Activity => Include the line containing "In this video, I'm" and every line after it up to the end of the material below; reproduce them exactly and drop the pictures.

Task input =>
<<<<

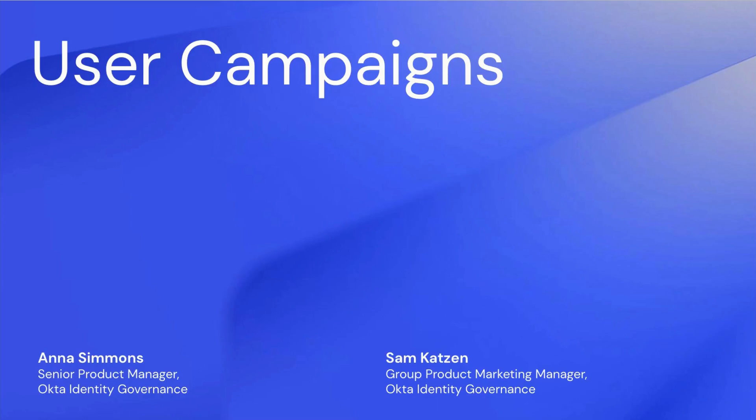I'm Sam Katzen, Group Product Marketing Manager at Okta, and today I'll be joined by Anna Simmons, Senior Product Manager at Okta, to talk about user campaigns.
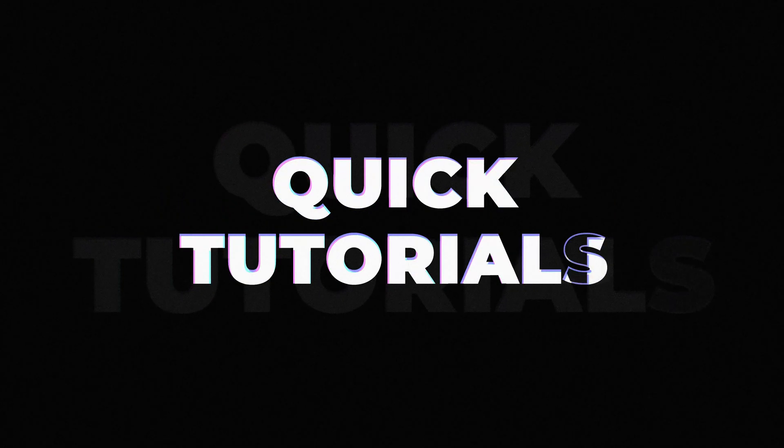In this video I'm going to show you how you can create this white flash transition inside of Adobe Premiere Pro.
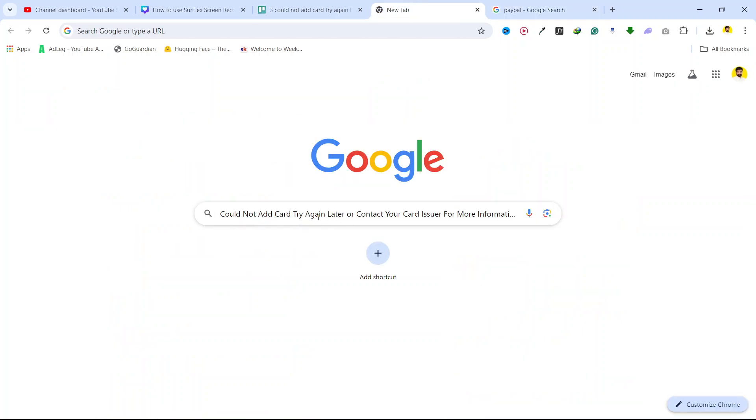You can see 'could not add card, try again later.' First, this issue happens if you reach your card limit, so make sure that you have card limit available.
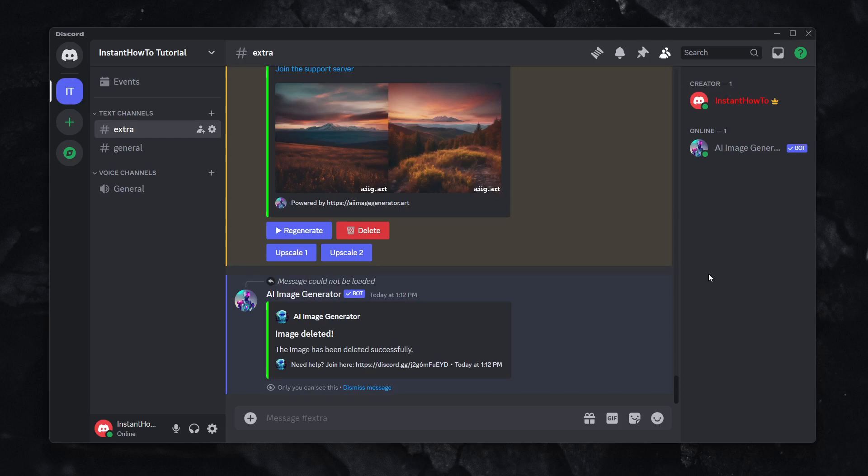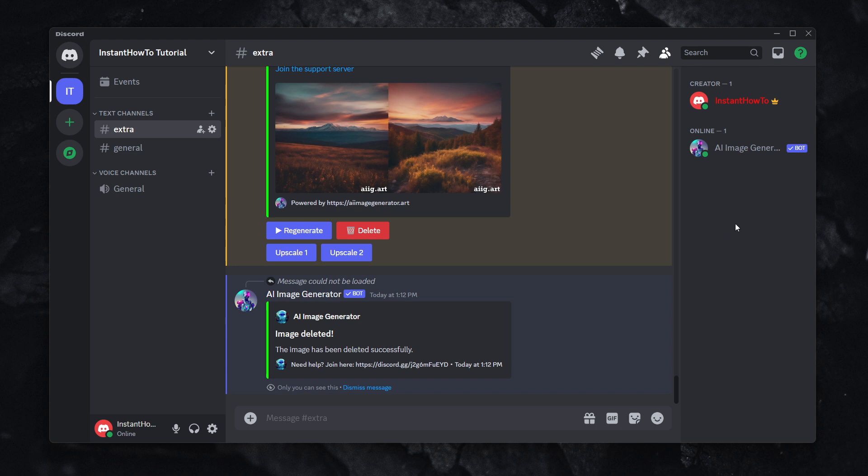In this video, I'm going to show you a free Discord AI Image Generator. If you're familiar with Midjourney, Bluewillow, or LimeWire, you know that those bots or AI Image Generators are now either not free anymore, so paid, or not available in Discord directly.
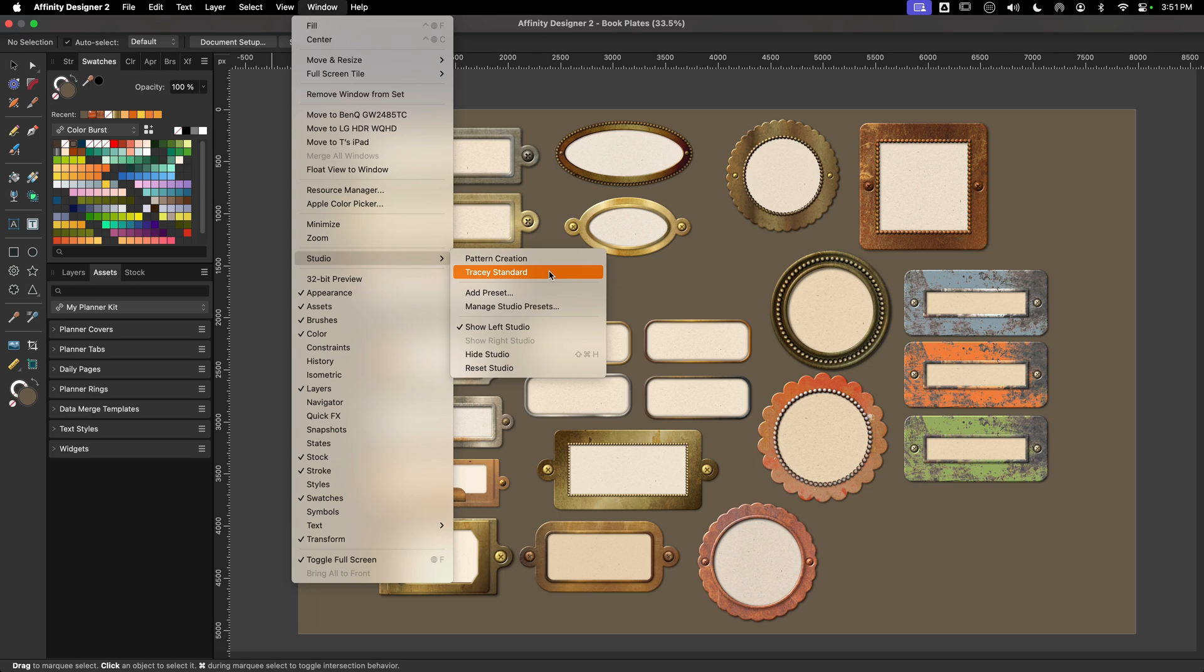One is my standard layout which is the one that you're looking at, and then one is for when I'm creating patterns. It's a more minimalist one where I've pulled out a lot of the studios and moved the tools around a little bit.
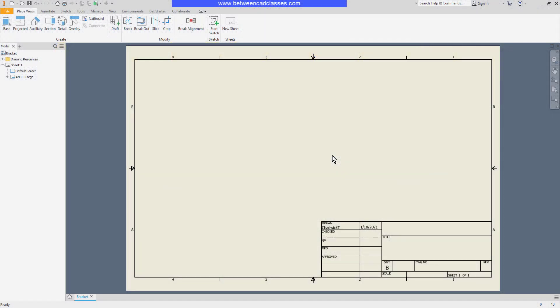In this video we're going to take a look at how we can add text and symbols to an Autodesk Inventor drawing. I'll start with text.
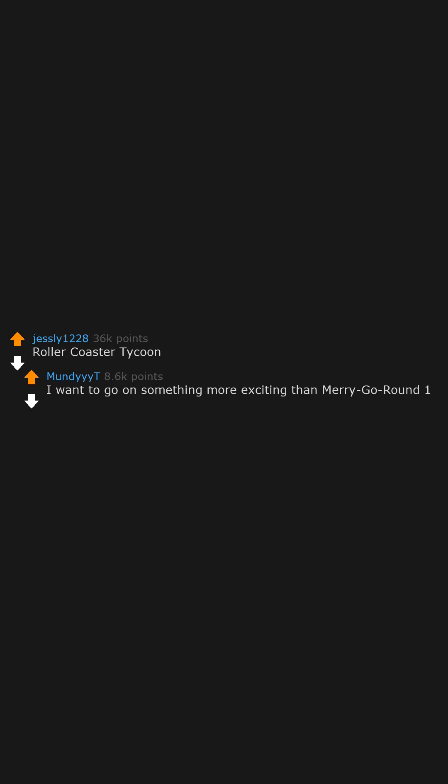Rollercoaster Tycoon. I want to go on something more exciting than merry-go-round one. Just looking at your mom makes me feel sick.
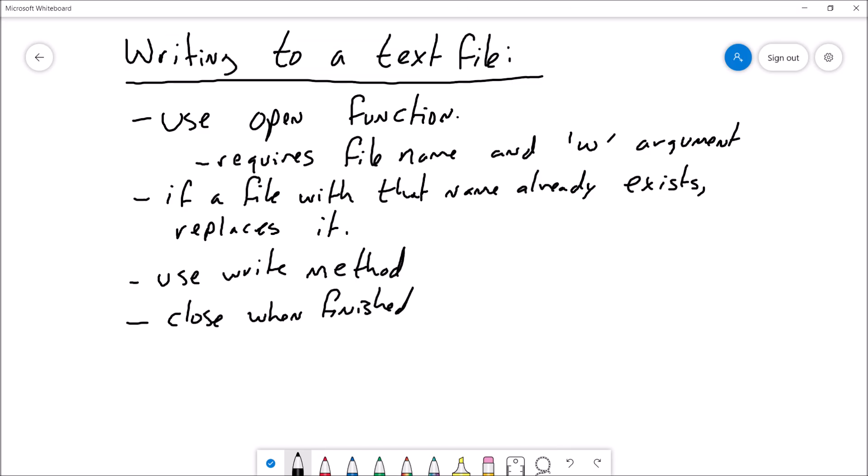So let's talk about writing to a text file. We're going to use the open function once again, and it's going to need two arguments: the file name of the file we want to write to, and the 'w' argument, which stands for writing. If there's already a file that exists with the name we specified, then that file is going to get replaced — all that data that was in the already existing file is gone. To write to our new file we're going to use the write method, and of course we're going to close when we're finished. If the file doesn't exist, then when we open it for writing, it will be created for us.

>>>>

Worked solution =>
In this video, I'm going to show you a free Discord AI Image Generator. If you're familiar with Midjourney, Bluewillow, or LimeWire, you know that those bots or AI Image Generators are now either not free anymore, so paid, or not available in Discord directly.
One is my standard layout which is the one that you're looking at, and then one is for when I'm creating patterns. It's a more minimalist one where I've pulled out a lot of the studios and moved the tools around a little bit.
In this video we're going to take a look at how we can add text and symbols to an Autodesk Inventor drawing. I'll start with text.
Rollercoaster Tycoon. I want to go on something more exciting than merry-go-round one. Just looking at your mom makes me feel sick.
So let's talk about writing to a text file. We're going to use the open function once again, and it's going to need two arguments: the file name of the file we want to write to, and the 'w' argument, which stands for writing. If there's already a file that exists with the name we specified, then that file is going to get replaced — all that data that was in the already existing file is gone. To write to our new file we're going to use the write method, and of course we're going to close when we're finished. If the file doesn't exist, then when we open it for writing, it will be created for us.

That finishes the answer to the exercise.